By Usha Kumar , Truthout
For nearly 90 minutes, the woman in a sari spoke uninterrupted, her voice echoing over the microphone into a cavernous room at the main temple hall of the Umiya Dham Mandir in Edison, New Jersey. “So long as the last enemy is on Earth, peace is impossible!” she shouted. “So long as the last demon is on Earth, peace cannot come!”
As she spoke, some attendees walked into the temple to offer their prayers, and left soon after, paying no attention to the woman on stage. Although a loud minority of those in attendance were rather riled up, some sat still and unmoved. The woman’s speech seemed to turn progressively more virulent. Life in the U.S., she chided the audience, had made them lazy and complacent. They were unaware that the danger was at their door. Its form? A “demon,” a “monster standing on the chests of Hindus” — Zohran Mamdani. Mamdani, the speaker falsely claimed, had been backed by George Soros and his son Alex to the tune of $34 million. And a further $500 million was on the way. “There are only two options: fight or get converted,” she told them. “The choice is yours.”
Soon after, the woman began to lay out how Muslims — whom she referred to alternatively as “braindead zombies,” “treacherous jihadis,” or “living monsters” — were conspiring, through halal-certified food, to make Hindus sexually impotent, and called for an economic boycott of Muslims. “If someone consumes halal food in front of us, and we know it, and remain silent, then we too are committing a sin,” she exclaimed. “Every moment, you must do your religious duty. So stop eating there, stop purchasing halal! Look, who is making the food, and what drugs they are adding to it.” Even fruit bought from Muslims, she baselessly claimed, had been injected with enzymes that make Hindus infertile. Some attendees open their phones, seeking to investigate if their favorite brands were halal-certified or not.
The woman on stage was Kajal Hindusthani. Recorded as the worst purveyor of hateful rhetoric in India in 2023 by the Center for the Study of Organized Hate, Hindusthani has multiple cases registered against her in India for inciting violence. Ordinarily, this would make her persona non grata to U.S. authorities, but in the upside-down world we live in, she was instead invited, by a group of Hindu supremacist organizations, for a 38-day grand tour of the United States.

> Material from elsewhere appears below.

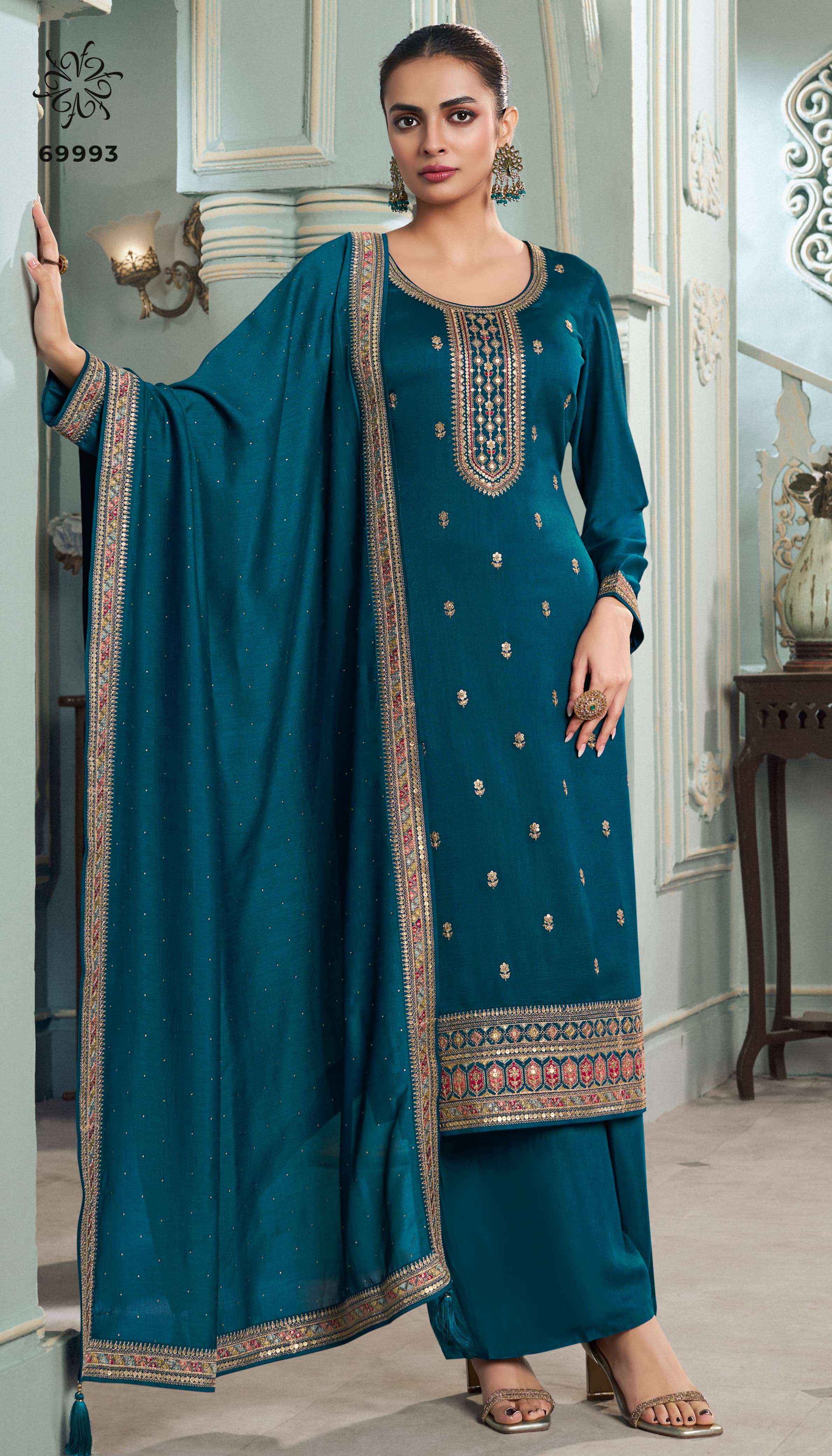 VINAY FASHION KULEESH MEENA SILK GEORGETTE DESIGNER SUIT ( 4 cs catalog )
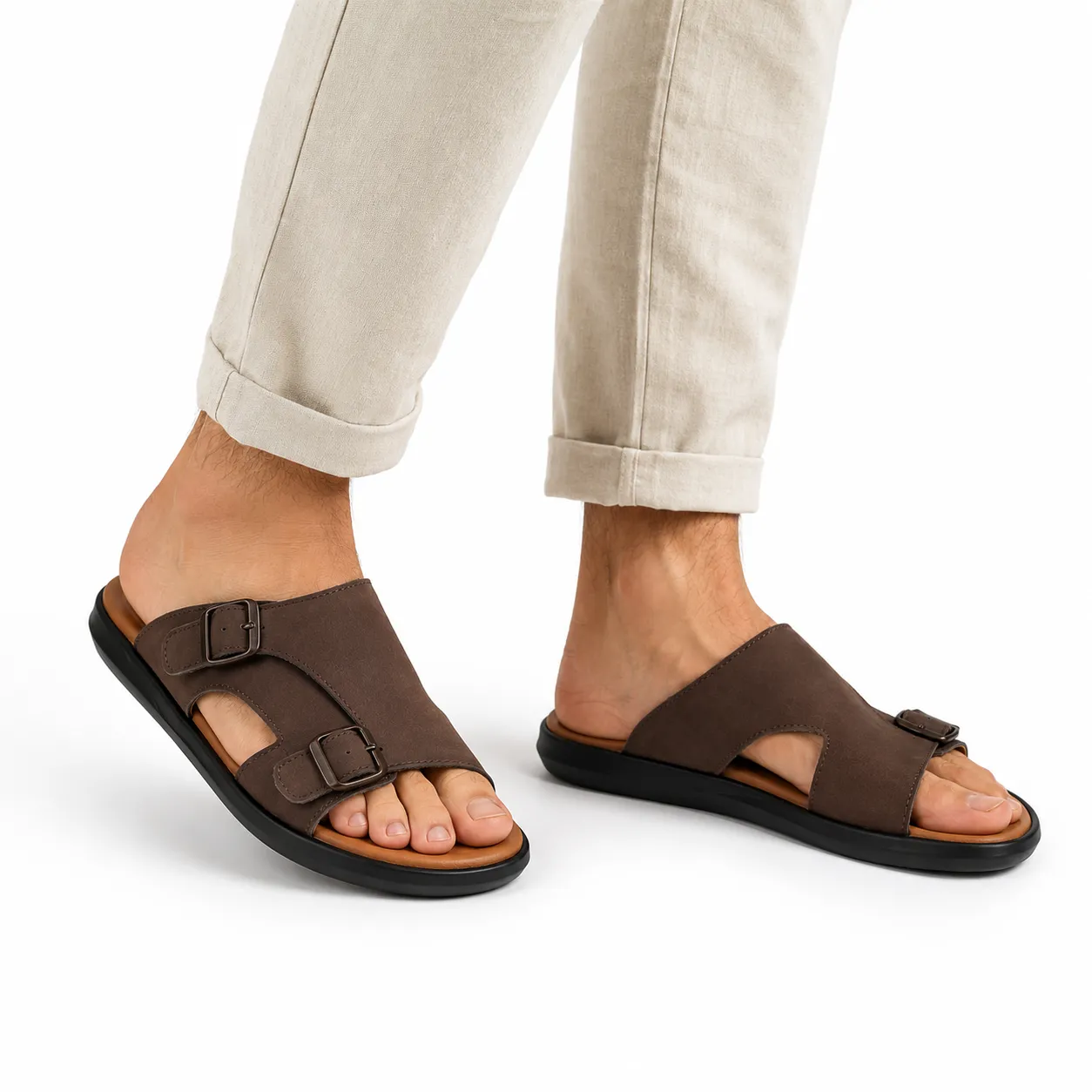 Sandales pour homme 035 marron daim nibique miniature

Far from condemnation, New York City Mayor Eric Adams had accepted an invitation to hear Hindusthani speak in Long Island at an event held a few days prior to the speech in Edison. Adams withdrew from the event at the last minute following an outcry by a multifaith coalition of over two dozen organizations, but this controversy was insufficient to prevent the same blunder (and the same strategy) from being repeated. Soon after she spoke in Edison, Hindusthani received a commendation from the Democratic Rhode Island Lt. Gov. Sabina Matos, that, astonishingly, praised Hindusthani’s “commitment to community empowerment, women’s safety, and social harmony.”